> Task details:
Repeat the records below exactly as they appear, leaving out any pictures.

** Opening Exercise data block **

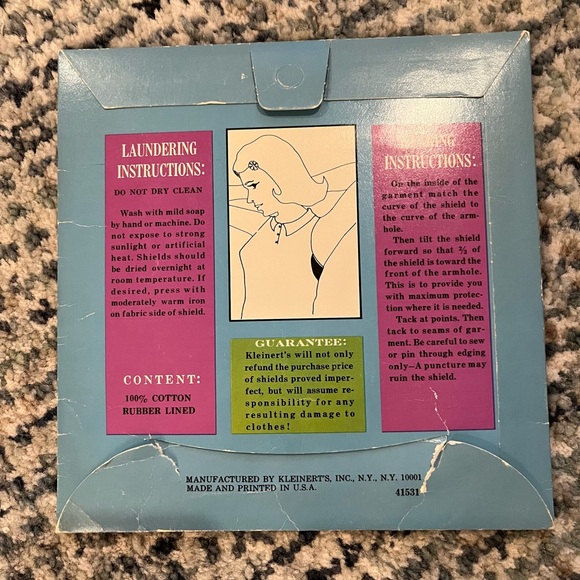 Kleinerts sew-in dress shields, protects clothing - qty 2 - Picture 2 of 5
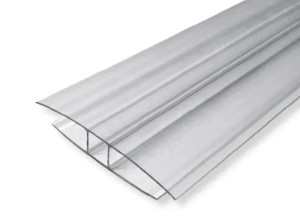 Профиль H-образного соединения для полупрозрачной кровли из поликарбоната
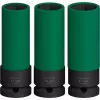 Set de llaves de impacto Bosch PRO 1/2 inch, 3 piezas, vasos profundos con protección de llantas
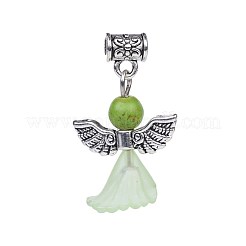 Прозрачные матовые акриловые цветочные подвески PALLOY-JF00373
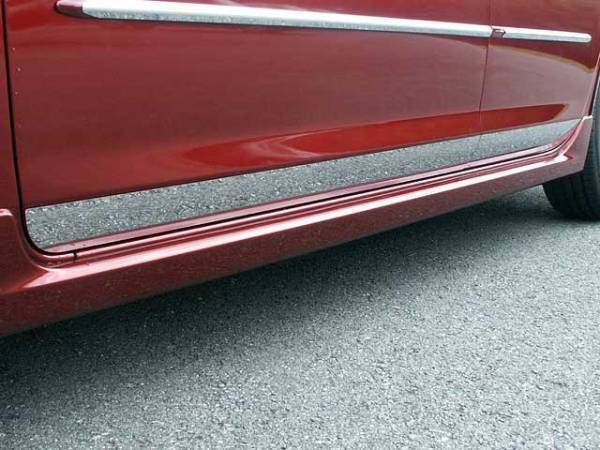 QAA - TH27750 Stainless Steel Rocker Panel Trim 4Pc 2004-2009 Mazda Mazda3 QAA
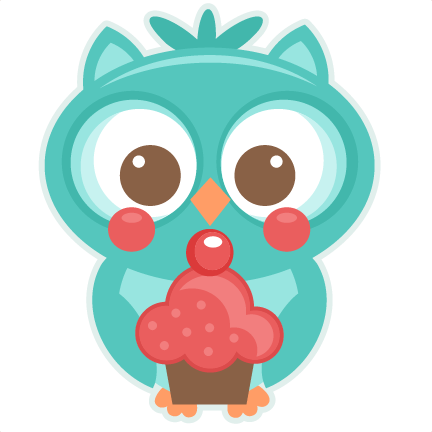 Birthday owl clip art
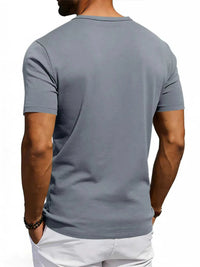 Men's Full Size Casual Henley T-Shirt with Pocket Plus Size 100400796832194 23 Affordable Fashion Under $100 Jerry's Apparel 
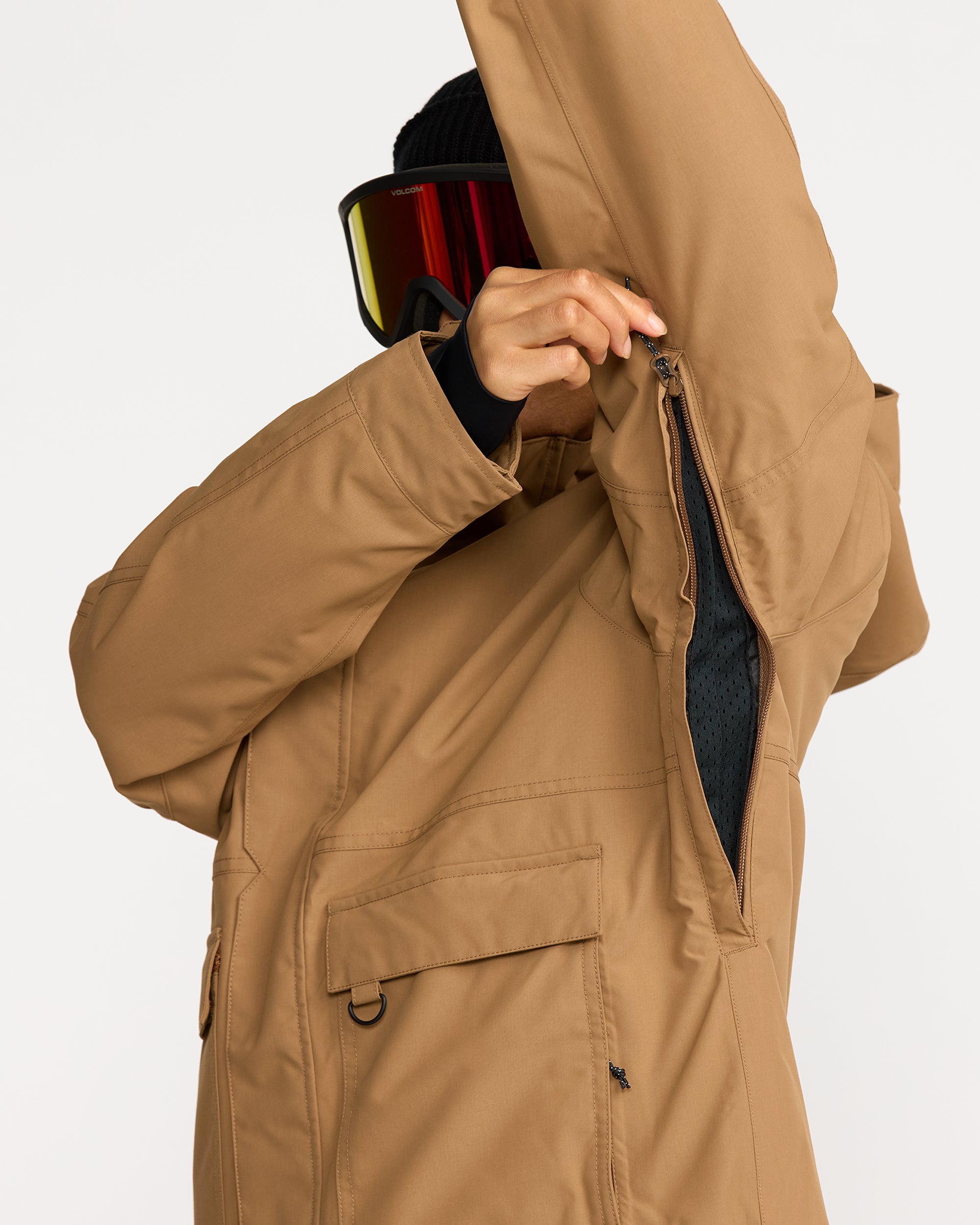 Qc Cruiser Insulated Parka - Bronze - Women - Volcom EU – Volcom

** Closing Exercise data block **

> Your solution:
 Kleinerts sew-in dress shields, protects clothing - qty 2 - Picture 2 of 5
 Профиль H-образного соединения для полупрозрачной кровли из поликарбоната
 Set de llaves de impacto Bosch PRO 1/2 inch, 3 piezas, vasos profundos con protección de llantas
 Прозрачные матовые акриловые цветочные подвески PALLOY-JF00373
 QAA - TH27750 Stainless Steel Rocker Panel Trim 4Pc 2004-2009 Mazda Mazda3 QAA
 Birthday owl clip art
 Men's Full Size Casual Henley T-Shirt with Pocket Plus Size 100400796832194 23 Affordable Fashion Under $100 Jerry's Apparel 
 Qc Cruiser Insulated Parka - Bronze - Women - Volcom EU – Volcom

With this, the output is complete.